DATA FOR THIS TASK:
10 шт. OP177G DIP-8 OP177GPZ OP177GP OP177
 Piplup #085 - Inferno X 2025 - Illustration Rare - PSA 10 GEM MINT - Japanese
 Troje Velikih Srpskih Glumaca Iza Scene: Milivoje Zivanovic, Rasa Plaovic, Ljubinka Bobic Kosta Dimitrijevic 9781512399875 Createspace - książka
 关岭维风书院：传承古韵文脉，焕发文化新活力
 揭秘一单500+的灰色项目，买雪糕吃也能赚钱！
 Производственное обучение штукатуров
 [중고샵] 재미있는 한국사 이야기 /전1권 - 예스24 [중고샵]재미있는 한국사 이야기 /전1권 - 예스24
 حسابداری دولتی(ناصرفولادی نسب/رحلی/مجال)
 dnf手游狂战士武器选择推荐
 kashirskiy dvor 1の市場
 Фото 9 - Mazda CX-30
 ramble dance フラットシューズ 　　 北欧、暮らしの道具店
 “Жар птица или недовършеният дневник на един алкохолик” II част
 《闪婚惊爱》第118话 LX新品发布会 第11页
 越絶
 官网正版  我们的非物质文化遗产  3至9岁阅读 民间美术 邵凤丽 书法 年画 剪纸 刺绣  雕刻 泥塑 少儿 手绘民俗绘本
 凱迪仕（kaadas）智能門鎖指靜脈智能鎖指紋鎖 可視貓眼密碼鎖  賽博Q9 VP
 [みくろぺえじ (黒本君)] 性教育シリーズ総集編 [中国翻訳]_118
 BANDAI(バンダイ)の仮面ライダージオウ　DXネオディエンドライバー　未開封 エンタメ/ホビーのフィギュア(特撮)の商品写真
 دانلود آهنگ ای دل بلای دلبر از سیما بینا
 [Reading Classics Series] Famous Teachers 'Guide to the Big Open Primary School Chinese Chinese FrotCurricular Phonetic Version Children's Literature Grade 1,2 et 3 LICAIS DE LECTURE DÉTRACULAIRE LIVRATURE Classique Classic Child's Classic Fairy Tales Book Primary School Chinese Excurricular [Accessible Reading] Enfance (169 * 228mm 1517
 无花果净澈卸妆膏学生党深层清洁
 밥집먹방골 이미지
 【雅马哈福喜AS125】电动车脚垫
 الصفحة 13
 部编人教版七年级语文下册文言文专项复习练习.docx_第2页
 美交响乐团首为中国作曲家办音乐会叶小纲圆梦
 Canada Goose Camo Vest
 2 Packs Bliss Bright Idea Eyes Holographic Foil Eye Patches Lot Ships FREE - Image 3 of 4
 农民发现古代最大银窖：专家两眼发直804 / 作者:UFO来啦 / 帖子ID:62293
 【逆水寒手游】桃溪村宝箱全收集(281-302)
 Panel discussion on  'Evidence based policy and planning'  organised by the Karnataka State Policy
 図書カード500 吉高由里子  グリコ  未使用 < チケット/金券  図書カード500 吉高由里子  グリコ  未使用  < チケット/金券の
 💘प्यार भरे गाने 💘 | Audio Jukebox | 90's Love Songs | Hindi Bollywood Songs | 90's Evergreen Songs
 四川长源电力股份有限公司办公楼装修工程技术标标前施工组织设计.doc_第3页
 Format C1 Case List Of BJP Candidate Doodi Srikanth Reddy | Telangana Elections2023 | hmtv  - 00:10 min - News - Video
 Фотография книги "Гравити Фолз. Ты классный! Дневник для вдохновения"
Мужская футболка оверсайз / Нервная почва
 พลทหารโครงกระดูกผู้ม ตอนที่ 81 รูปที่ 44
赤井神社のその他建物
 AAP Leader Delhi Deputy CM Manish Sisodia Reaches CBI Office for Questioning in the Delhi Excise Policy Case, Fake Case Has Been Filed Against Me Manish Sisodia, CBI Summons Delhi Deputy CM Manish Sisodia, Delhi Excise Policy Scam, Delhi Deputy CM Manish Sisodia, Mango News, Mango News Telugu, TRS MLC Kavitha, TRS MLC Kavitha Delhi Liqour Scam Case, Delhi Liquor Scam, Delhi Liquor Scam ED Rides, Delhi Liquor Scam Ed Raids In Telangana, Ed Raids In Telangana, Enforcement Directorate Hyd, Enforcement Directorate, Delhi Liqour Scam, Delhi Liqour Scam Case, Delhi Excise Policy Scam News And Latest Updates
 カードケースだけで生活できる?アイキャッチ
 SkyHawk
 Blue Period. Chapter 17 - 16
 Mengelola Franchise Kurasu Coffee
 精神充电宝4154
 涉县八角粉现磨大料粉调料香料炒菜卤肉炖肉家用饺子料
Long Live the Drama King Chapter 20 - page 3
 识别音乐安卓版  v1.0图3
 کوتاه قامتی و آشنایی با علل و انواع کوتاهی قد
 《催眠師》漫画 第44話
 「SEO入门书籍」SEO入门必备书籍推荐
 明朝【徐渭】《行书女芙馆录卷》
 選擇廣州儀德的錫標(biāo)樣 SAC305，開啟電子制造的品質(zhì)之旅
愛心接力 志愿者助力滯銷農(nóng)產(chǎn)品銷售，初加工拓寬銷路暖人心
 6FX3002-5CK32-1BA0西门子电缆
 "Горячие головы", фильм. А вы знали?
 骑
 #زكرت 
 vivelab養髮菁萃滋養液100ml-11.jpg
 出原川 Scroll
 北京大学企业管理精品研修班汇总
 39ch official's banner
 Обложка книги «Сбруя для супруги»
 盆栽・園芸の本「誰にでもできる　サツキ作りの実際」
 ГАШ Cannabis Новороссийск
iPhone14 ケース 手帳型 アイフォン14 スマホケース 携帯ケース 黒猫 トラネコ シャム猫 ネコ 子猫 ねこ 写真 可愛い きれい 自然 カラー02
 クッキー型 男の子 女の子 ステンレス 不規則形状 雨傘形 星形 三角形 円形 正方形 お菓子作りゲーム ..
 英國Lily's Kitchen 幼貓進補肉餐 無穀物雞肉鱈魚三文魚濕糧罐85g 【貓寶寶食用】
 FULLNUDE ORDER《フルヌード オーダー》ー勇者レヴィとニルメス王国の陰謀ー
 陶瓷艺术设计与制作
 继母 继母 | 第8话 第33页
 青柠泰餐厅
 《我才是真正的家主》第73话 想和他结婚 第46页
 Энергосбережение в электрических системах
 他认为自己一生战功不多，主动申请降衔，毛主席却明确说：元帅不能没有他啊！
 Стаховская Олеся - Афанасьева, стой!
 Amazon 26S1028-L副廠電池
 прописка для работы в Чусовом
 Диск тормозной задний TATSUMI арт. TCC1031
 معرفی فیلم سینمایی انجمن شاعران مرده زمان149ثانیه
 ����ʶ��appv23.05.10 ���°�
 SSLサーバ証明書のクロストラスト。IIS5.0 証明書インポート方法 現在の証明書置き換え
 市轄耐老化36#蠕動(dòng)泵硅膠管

EXERCISE PROMPT:
The string "Chapter" shows up in some lines of the listing. Copy each such line.

ANSWER AREA:
 Blue Period. Chapter 17 - 16
Long Live the Drama King Chapter 20 - page 3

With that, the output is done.